Introduction to Its Economy

Switzerland is a country in central Europe, about two times the size of New Jersey.   There’s a population of about 8,179,294.  German, French, and Italian are the official languages, but the majority of the people speak German.  It’s a federal government, and the country is made up of twenty-six cantons.  The president is Johann Schneider-Ammann and the vice president is Doris Leutard.

(Central Intelligence Agency, The World Factbook: Switzerland)

Switzerland is not in the European Union (EU) or the European Economic Area (EEA).  That’s why the currency is the Swiss franc and not the euro.  But Switzerland is a part of the EU single market so its citizens can work and live in the UK just like EEA members, and is still part of the free trade agreement.

(My Switzerland, Currency)

Switzerland has maintained its neutrality and became an official member of the United Nations (UN) in 2002 and has overall strong ties with its neighbors.

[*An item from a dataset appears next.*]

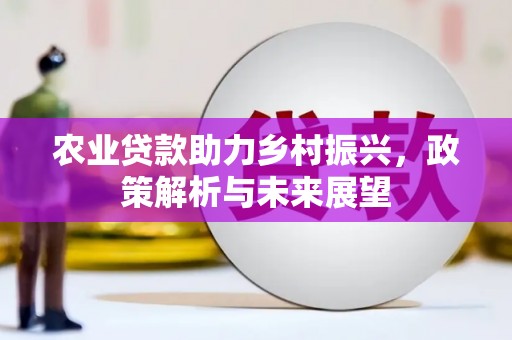 虎林农业贷款助力乡村振兴，政策解析与未来展望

(Central Intelligence Agency, The World Factbook: Switzerland)

About ⅔ of Switzerland is made up of mountains, forests, and lakes.  The service sector is the most important part of the economy, which includes banking and tourism.  Farming is also very important for their economy, but the Swiss still need to rely on imported goods.

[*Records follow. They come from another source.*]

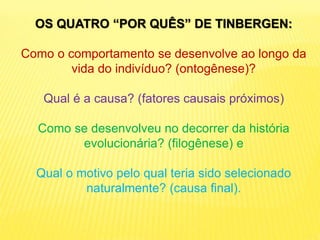 OS QUATRO “POR QUÊS” DE TINBERGEN:
Como o comportamento se desenvolve ao longo da
vida do indivíduo? (ontogênese)?
Qual é a causa? (fatores causais próximos)
Como se desenvolveu no decorrer da história
evolucionária? (filogênese) e
Qual o motivo pelo qual teria sido selecionado
naturalmente? (causa final).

(Information about Switzerland, Information about the Economy of Switzerland)

They have a strong market economy, strong human capital, and one of the highest per capita GDP’s in the world.  Switzerland is one of the most competitive economies because of it’s economically and politically stable, efficient capital markets, has a clear legal system, strong infrastructure, and low business tax rates.  In July of 2016, Switzerland’s GDP growth rate was 0.6%, and in 2015 the GDP was 664.74 billion dollars, and makes up a little more than one-percent of the world’s economy.